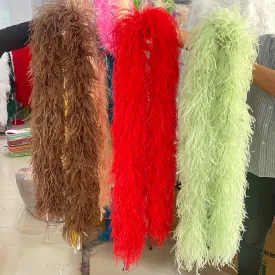 Colored Ostrich Feathers Boa 2 Meters | Dyed | Wedding, Carnival, Stage, Cosplay | SlickFeatherDeal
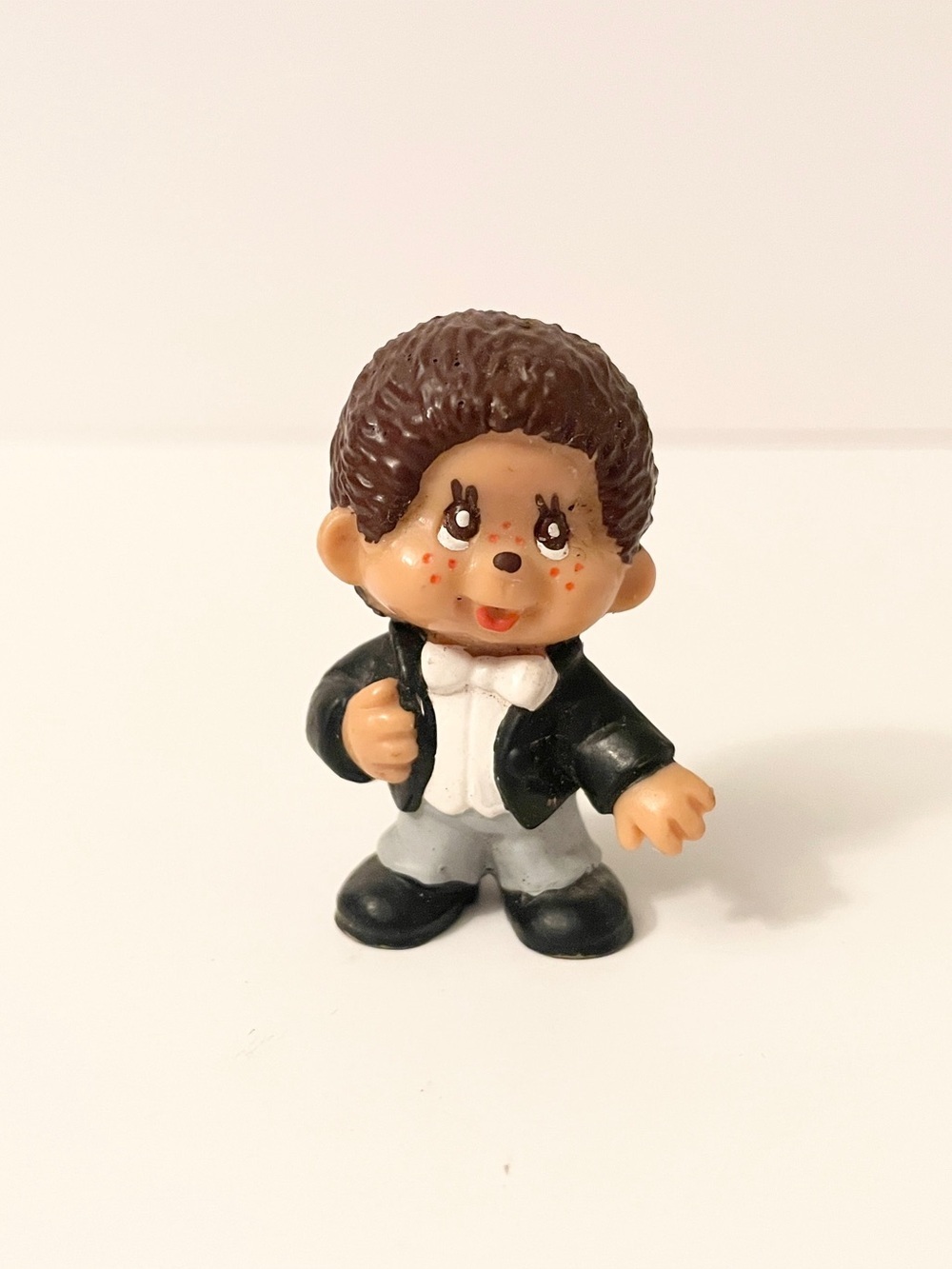 Vintage 1980s Monchhichi PVC Figure - Bully W. Germany Tuxedo Monchichi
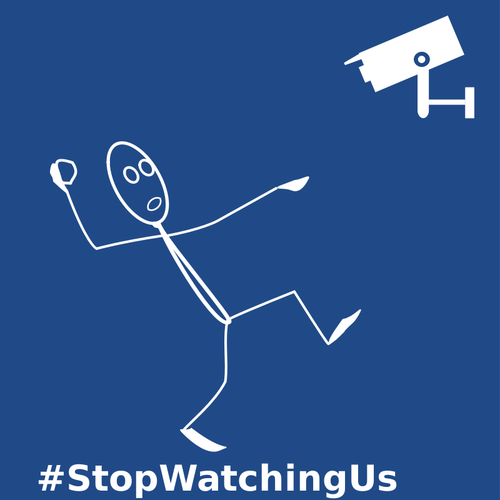 StopWatchingUs label vector tekening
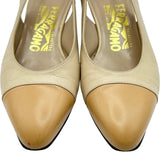 サルヴァトーレ・フェラガモ Salvatore Ferragamo バイカラースリングバックパンプス ベージュ レザー レディース パンプス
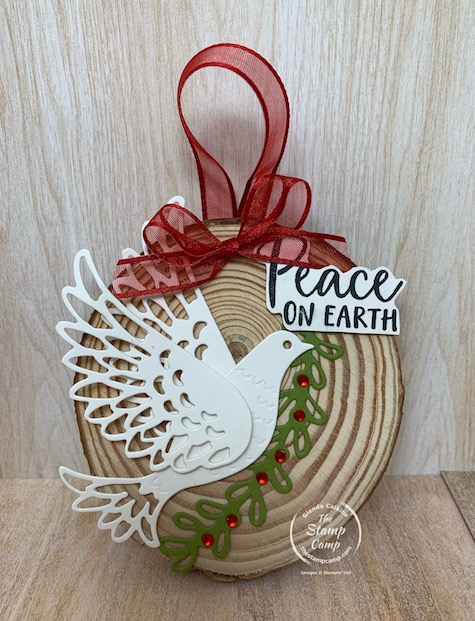 Make your own ornaments this year for yourself or to give as a gift. It is the season to create and share from home. These wooden ornaments turned out so beautiful and will be enjoyed for years to come. #stampinup #thestampcamp #ornament #DIY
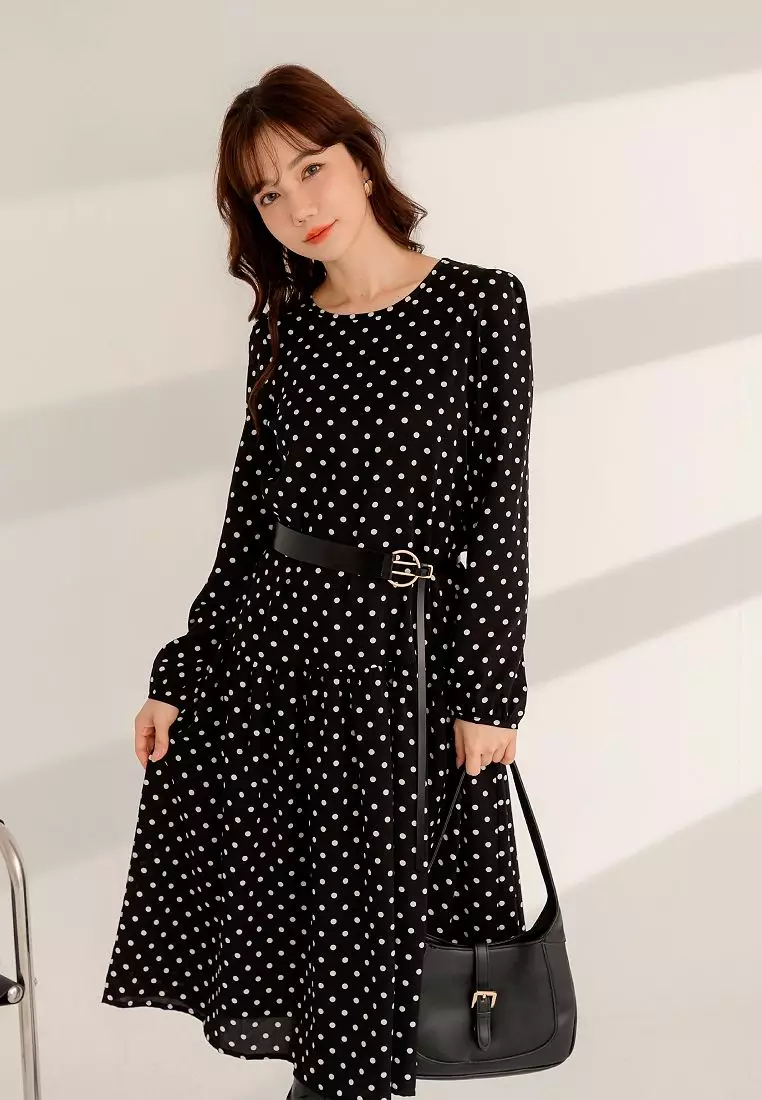Vintage Polka Dot Low-Waist Flared Long Sleeve Maxi Dress – Mori Style [DA10210]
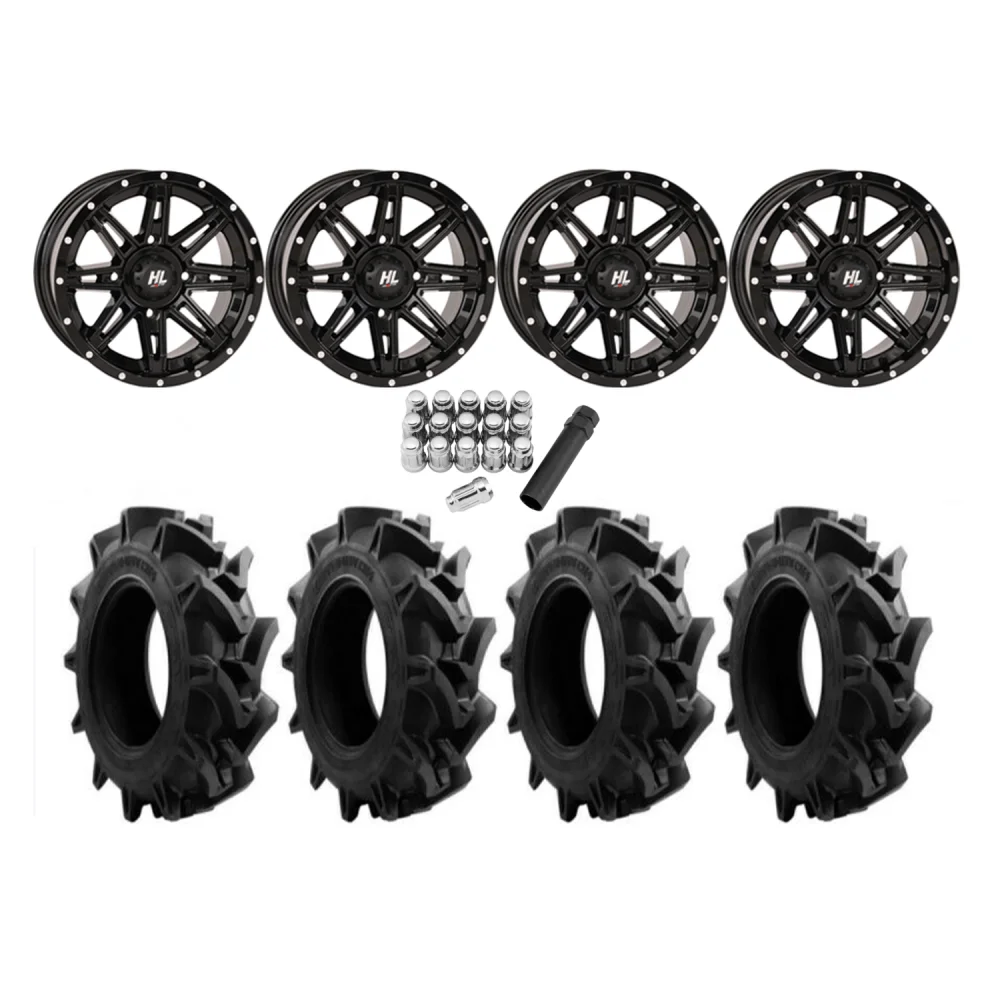 EFX Motohavok 31x8.5-14 Tires on HL22 Gloss Black Wheels, complete kit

______

_PROBLEM DETAILS_. Each line from the one containing "StopWatchingUs label vector tekening" down to the final line of the records above must be reproduced exactly; no pictures go into the copy.

_REPLY_.
 StopWatchingUs label vector tekening
 サルヴァトーレ・フェラガモ Salvatore Ferragamo バイカラースリングバックパンプス ベージュ レザー レディース パンプス
 Make your own ornaments this year for yourself or to give as a gift. It is the season to create and share from home. These wooden ornaments turned out so beautiful and will be enjoyed for years to come. #stampinup #thestampcamp #ornament #DIY
Vintage Polka Dot Low-Waist Flared Long Sleeve Maxi Dress – Mori Style [DA10210]
 EFX Motohavok 31x8.5-14 Tires on HL22 Gloss Black Wheels, complete kit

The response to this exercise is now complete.